Before long, it looks like what Rachel's come up with is - a life. A real life, and people she cares about, who care about her. She finds something bigger than her own, small world in her dreams for Amelia, and far from being threatened by echoes from the past, she's finding the courage to face them, one truth at a time.

WARNING: Becoming snappish with those who interrupt your reading may damage relationships. Not everyone should attempt to drive to British Columbia. Tissues not included in the purchase of this book. Avoid reading while operating heavy machinery. Memorizing trivia may preserve your memory, but will not save you in every social situation. When a dog gives you a stick to throw, he has given you his whole world.
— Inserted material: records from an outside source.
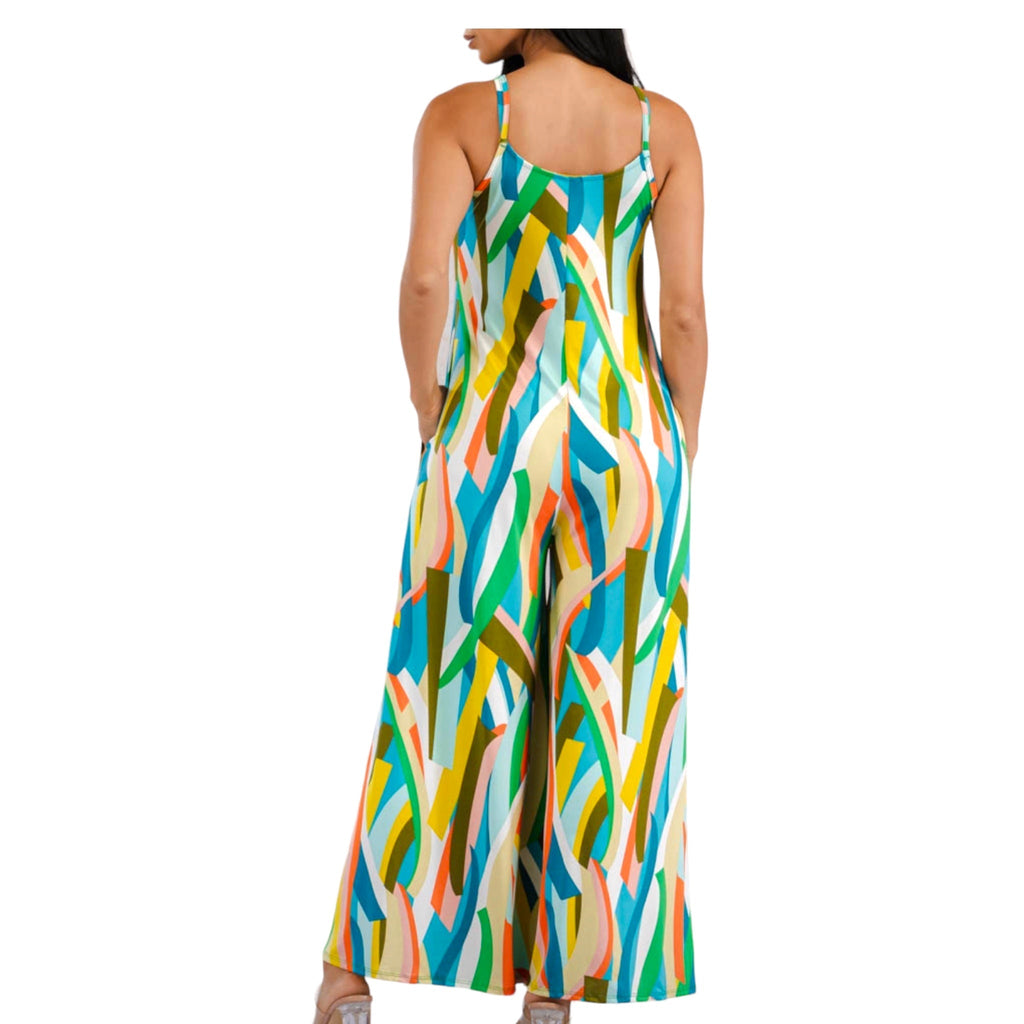 Women's Splash Of Color Wide leg Jumpsuit With Pockets Fabulously Dressed Boutique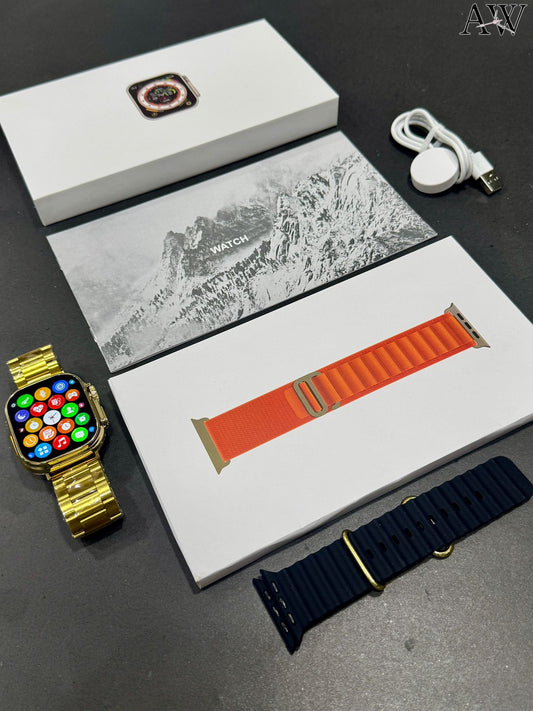 Smart Watch Series 8 Ultra – Gold Edition | Premium AMOLED Display • Bluetooth Calling • Fitness & Health Tracking
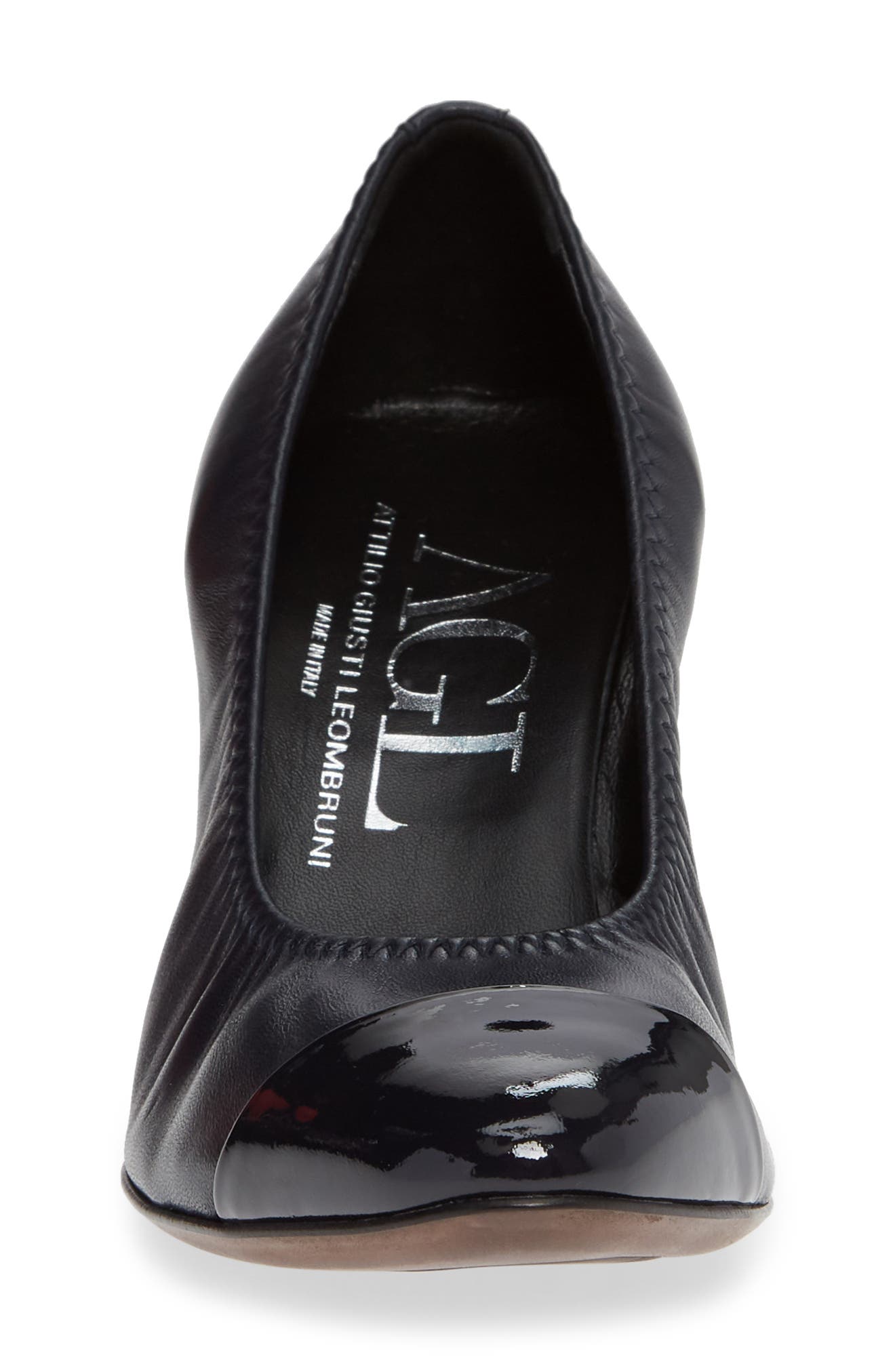 Cap Toe Pump, Alternate, color, NAVY LEATHER/ NAVY PATENT CAP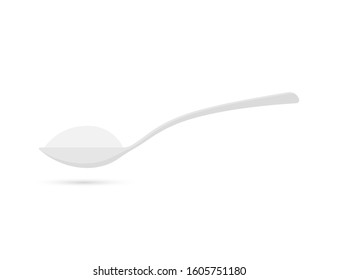 Pour. Cuchara con azúcar. Ingredientes para hornear y cocinar. Ilustración de material vectorial.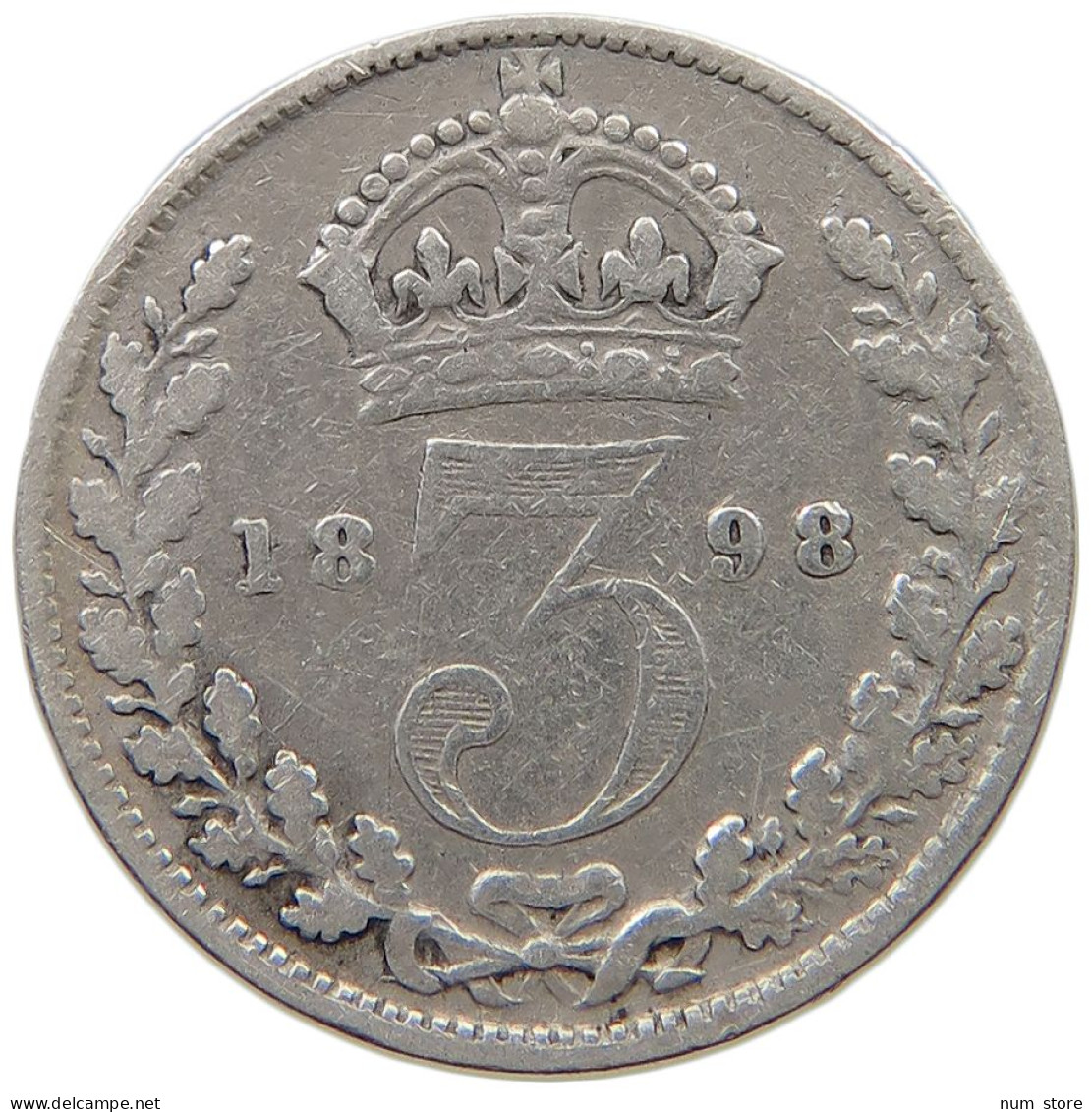 GREAT BRITAIN THREEPENCE 1898 Victoria 1837-1901 #a091 0877 - F. 3 Pence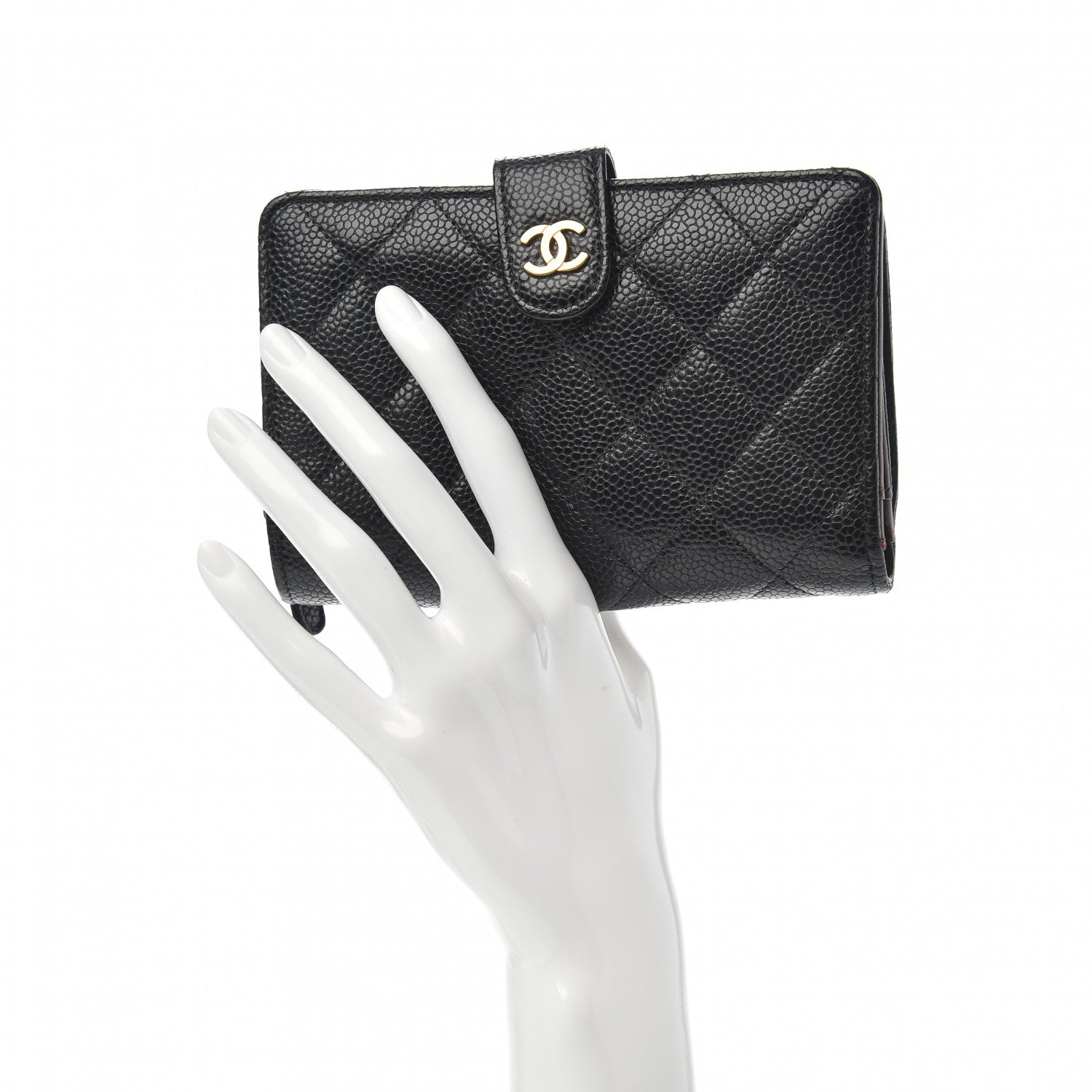 Chanel Caviar Quilted CC French Wallet Black 2 of 14
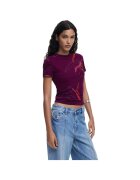 Desigual Tricou Lala Abstract 51527 - Rosu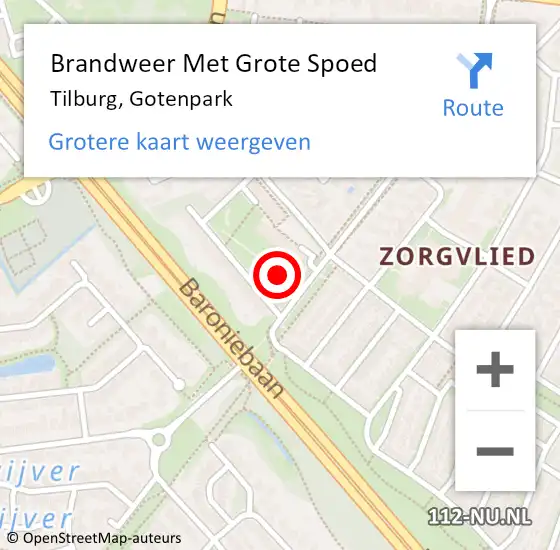 Locatie op kaart van de 112 melding: Brandweer Met Grote Spoed Naar Tilburg, Gotenpark op 19 juni 2021 19:00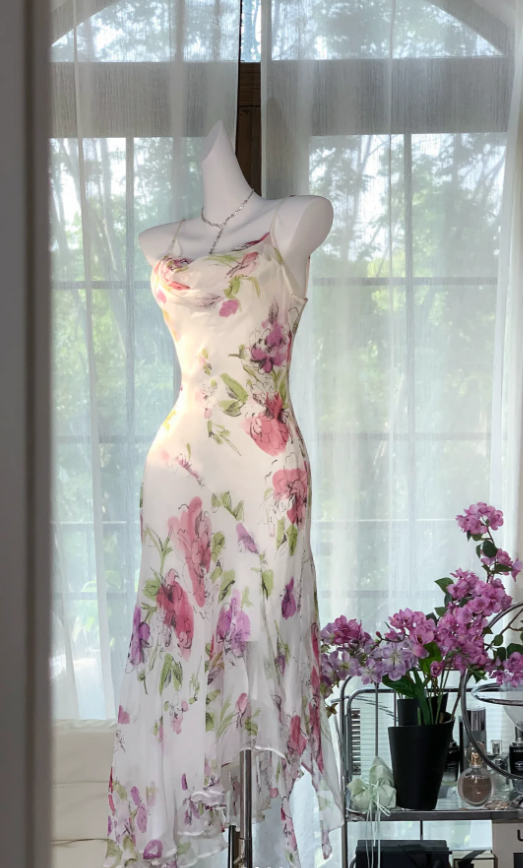 Pretty Spaghetti Straps Chiffon Print Floral Mermaid Evening Dress Long Party Dress - View 2 | VelvetHem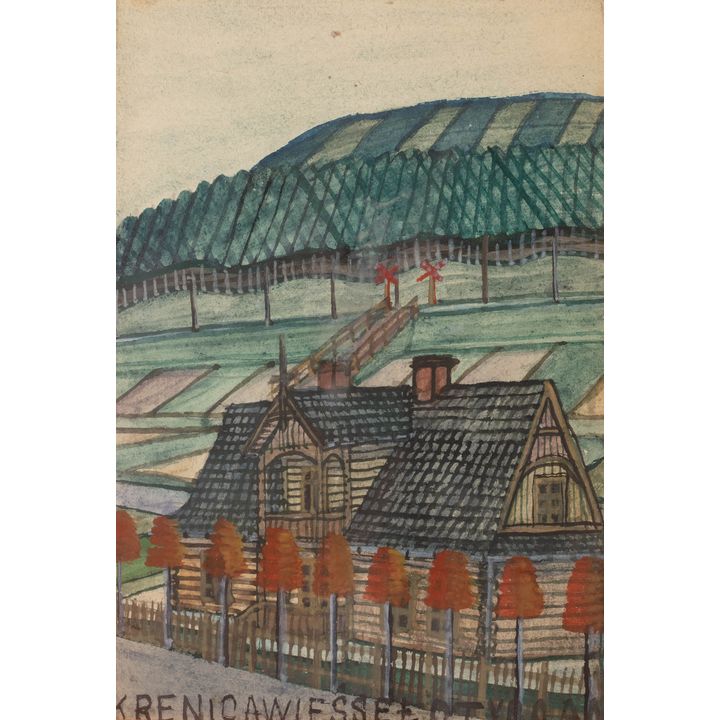 Nikifor Krynicki | Pejzaż beskidzki z torami w tle, ok. l. 60. XX w.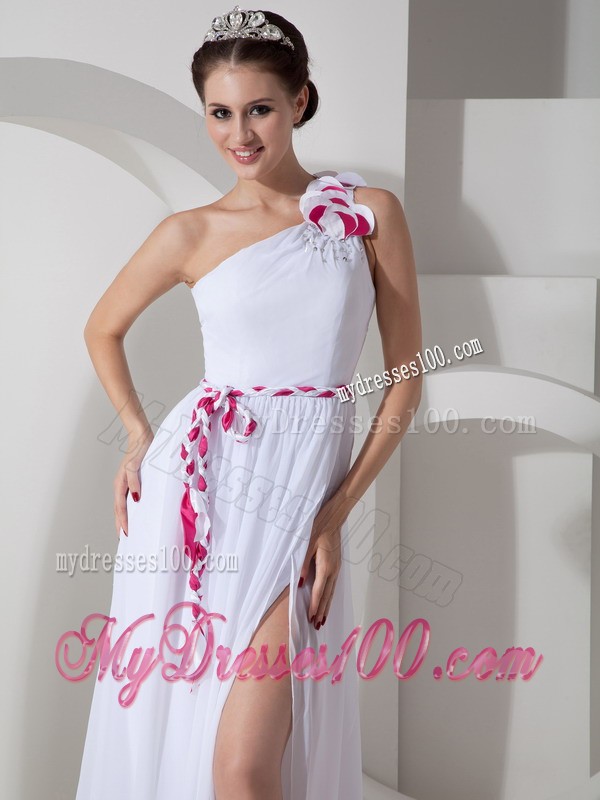 Elegant One Shoulder High-low White Prom Dresses with Sashes
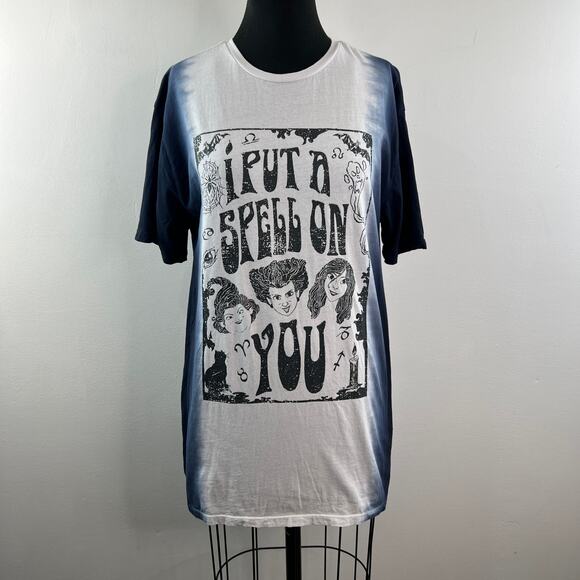 DISNEY I Put a Spell On You HOCUS POCUS White Blue Organic Cotton Tie Dye Top M - Picture 3 of 9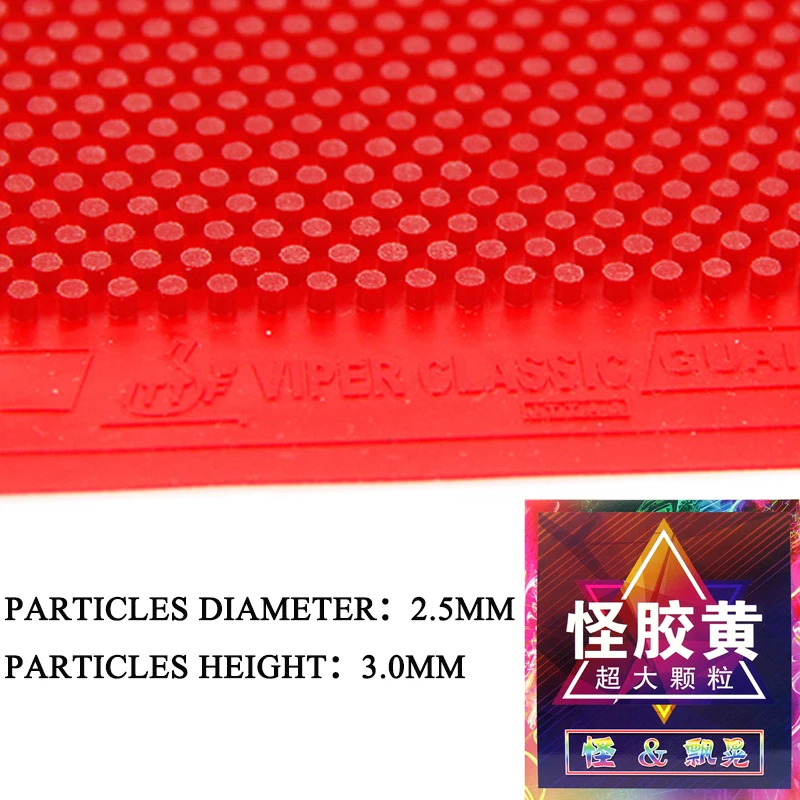 VIPER CLASSIC Tischtennis-Gummi, extragroße Partikel, 3,0 mm Höhe, lange Pips, OX, seltsamer, langlebiger Ping-Pong-Gummi ohne Schwamm Image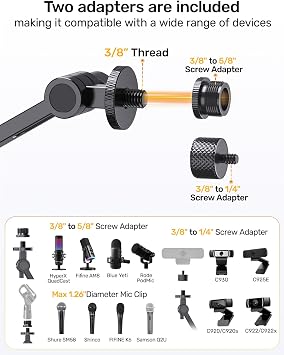 Desktop Heavy Duty Mic Arm Stand with Silent Mute Knob for Shure SM7B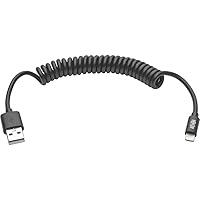 Tripp Lite Apple MFI Certified 4-Feet Lightning to USB Coiled Cable Sync Charge iPhone/iPod/iPad - Black (M100-004COIL-BK)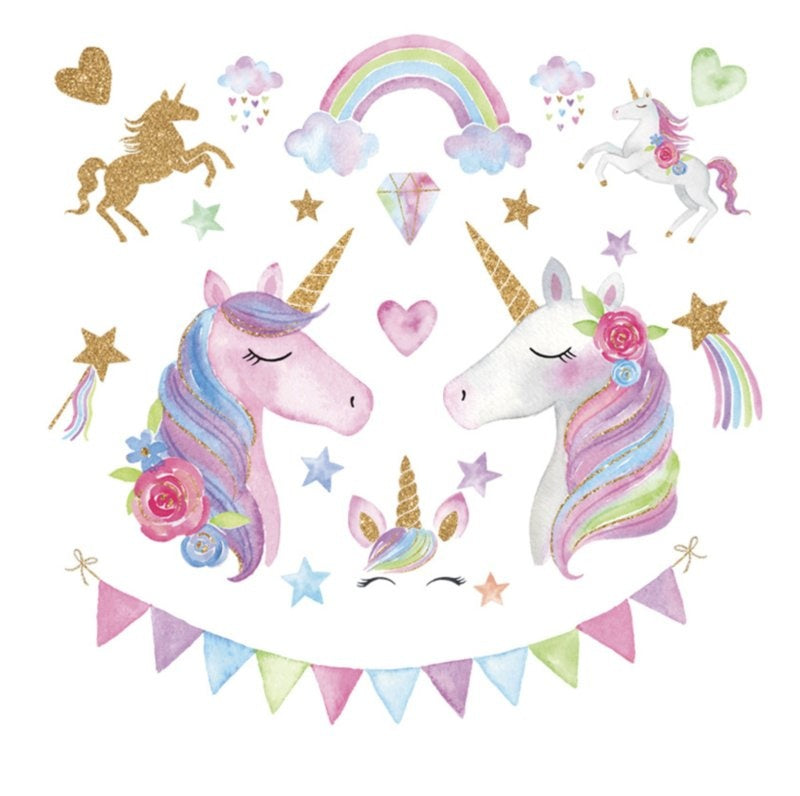 Muursticker unicorn / eenhoorn set kinderkamer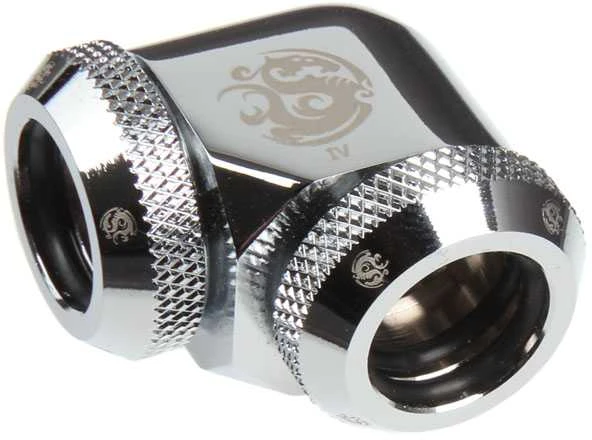Bitspower Multi-Link Adapteris 90 Degree 12mm OD to 12mm OD Hardtube – shiny sidabrinis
I gratefully received this book courtesy of the author and her publicist, in return for one Canadian penny's worth of thought. You can find TEN THOUSAND TRUTHS by Susan White online, or at an independent bookstore near you!

3 comments:

susanwhite said...

Very much enjoyed stumbling upon the review of my book Ten Thousand Truths. Thank you for such an insightful essay. I must however point out that the novel is set in New Brunswick not on the prairies as seemed to be inferred in your write up.
Susan White

tanita✿davis said...

@ Susan White ~ Aaaand, this shows how much I know about Canada, and I even have a friend who lives in New Brunswick! Corrected, and thanks for dropping by.

Sarah Stevenson said...

Oh, this one sounds so good! I did love A Little Princess, Anne of Green Gables, and the like. I may not have had a horse phase, but I definitely had an orphan phase.